== Segment start ==

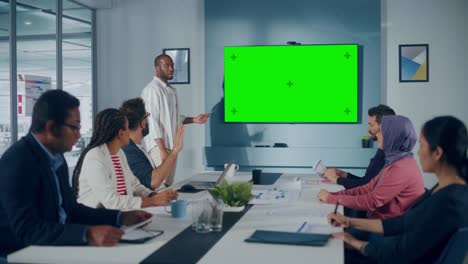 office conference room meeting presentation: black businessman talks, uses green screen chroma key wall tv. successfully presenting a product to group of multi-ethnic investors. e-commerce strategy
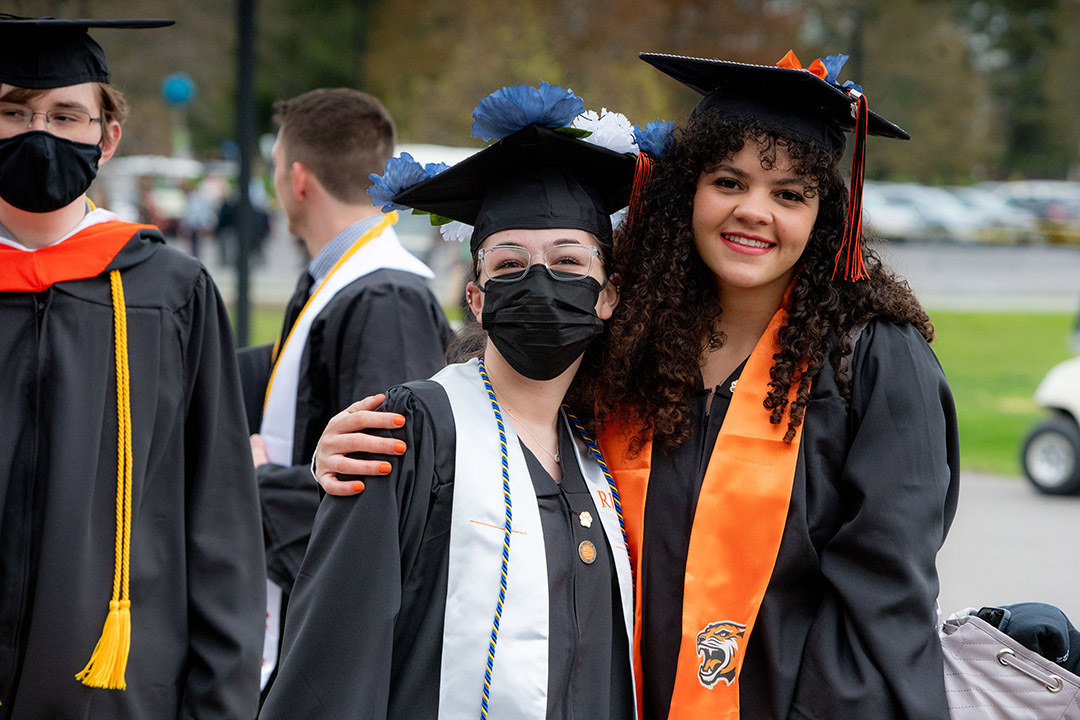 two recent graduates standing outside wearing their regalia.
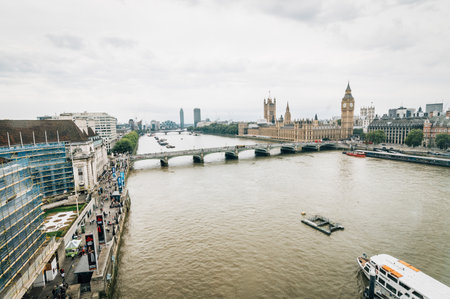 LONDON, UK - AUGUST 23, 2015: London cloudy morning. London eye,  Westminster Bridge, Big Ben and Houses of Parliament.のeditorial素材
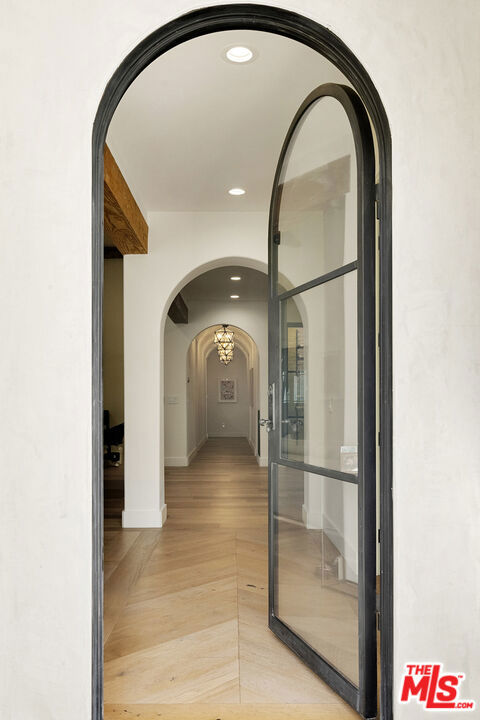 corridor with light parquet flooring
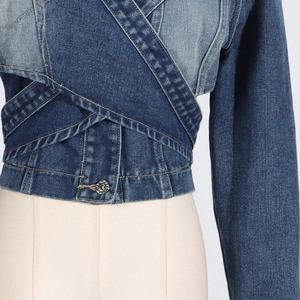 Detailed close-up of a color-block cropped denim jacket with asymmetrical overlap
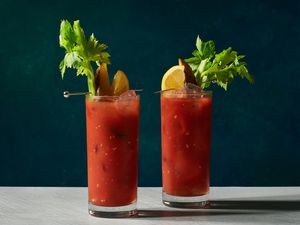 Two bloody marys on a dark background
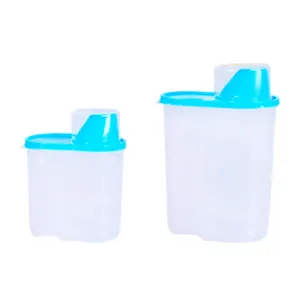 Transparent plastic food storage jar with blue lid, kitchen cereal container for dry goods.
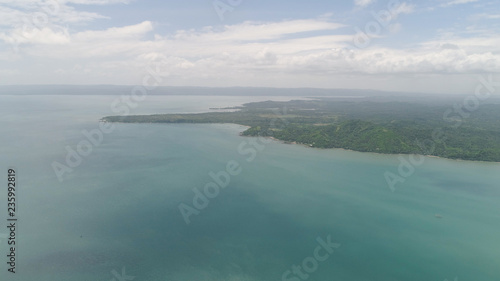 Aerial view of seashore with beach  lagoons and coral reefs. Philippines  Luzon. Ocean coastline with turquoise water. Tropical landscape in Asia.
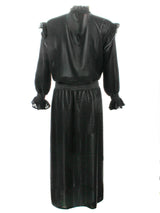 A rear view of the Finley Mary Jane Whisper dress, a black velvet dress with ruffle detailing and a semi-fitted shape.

== Segment end ==

Your answer must be only the lines from the one that holds "LONDON, UK - AUGUST" to the end of the listing, each restated word for word, with both ends kept and pictures left out.

 LONDON, UK - AUGUST 23, 2015: London cloudy morning. London eye,  Westminster Bridge, Big Ben and Houses of Parliament.のeditorial素材
 corridor with light parquet flooring
 Detailed close-up of a color-block cropped denim jacket with asymmetrical overlap
 Two bloody marys on a dark background
 Transparent plastic food storage jar with blue lid, kitchen cereal container for dry goods.
 Aerial view of seashore with beach  lagoons and coral reefs. Philippines  Luzon. Ocean coastline with turquoise water. Tropical landscape in Asia.
 A rear view of the Finley Mary Jane Whisper dress, a black velvet dress with ruffle detailing and a semi-fitted shape.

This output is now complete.